= Baird & Warner =

Real estate company in Chicago

Baird & Warner is a residential real estate services company based in Chicago, Illinois.

== Overview ==
Baird & Warner serves the Chicago metro area. It is one of the largest independent brokerage in Chicago and its suburbs, with over 2,300 real estate brokers and 29 sales offices found across Northeastern Illinois. Baird & Warner also offers loan services through Key Mortgage Services, Inc. and title insurance and attorneys through Baird & Warner Title Services.

==Early years==
Baird & Warner was founded in on March 28, 1855 in Chicago. The company's first recorded transaction was a $5,000 loan to Edward Casey & Brothers, taking security mortgages on property along Washington Street in downtown Chicago. The firm began as a partnership between Lucious Olmsted and Lyman Baird of New Haven, Connecticut.

Lucious Olmsted died shortly after in 1862 and Baird invited Francis Bradley - also of New Haven, Connecticut - to join the firm. The company was then known as Baird & Bradley. The partners worked with East Coast investors to channel millions of dollars to the developing city, including the purchase of land for Chicago's major train station, Union Station.

== The Great Chicago Fire ==
In 1871, Baird & Bradley was located at 90 LaSalle Street. When the Great Chicago Fire burned most of Chicago, the only thing that was left of the office was the fireproof safe containing the company ledgers. These documents helped Chicago officials verify property ownership after the city's records were destroyed.

After the Fire, Lyman Baird and Francis Bradley further encouraged out-of-state investors to send more money to assist the rebirth of Chicago. Investors put up nearly $140 million to cover to cost of reconstruction, and this incredible support created such a sustained building boom that it cushioned the worst effects of the financial panic of 1873.

== The Early 20th Century ==
After the death of Francis Bradley, Lyman Baird named his son Wyllys Baird and son-in-law George L. Warner to head the company in 1893. From then on the firm was known as Baird & Warner. As the population of Chicago began to increase, Baird & Warner became active in subdivision development in areas like Englewood and Uptown.

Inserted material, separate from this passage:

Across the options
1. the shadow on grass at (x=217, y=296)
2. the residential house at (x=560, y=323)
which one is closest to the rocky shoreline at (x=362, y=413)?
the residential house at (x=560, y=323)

Wyllys Baird died in 1928 during the prosperous 1920s, and his son Warner G. Baird took over the company.

== Post-World War II ==
The results of the Great Depression caused Baird & Warner to change business models. After World War II, special home loans for veterans and the growth of the Chicago suburbs presented the opportunity for the company to move into the residential sales industry. Baird & Warner expanded to 10 sales offices throughout the area by 1950.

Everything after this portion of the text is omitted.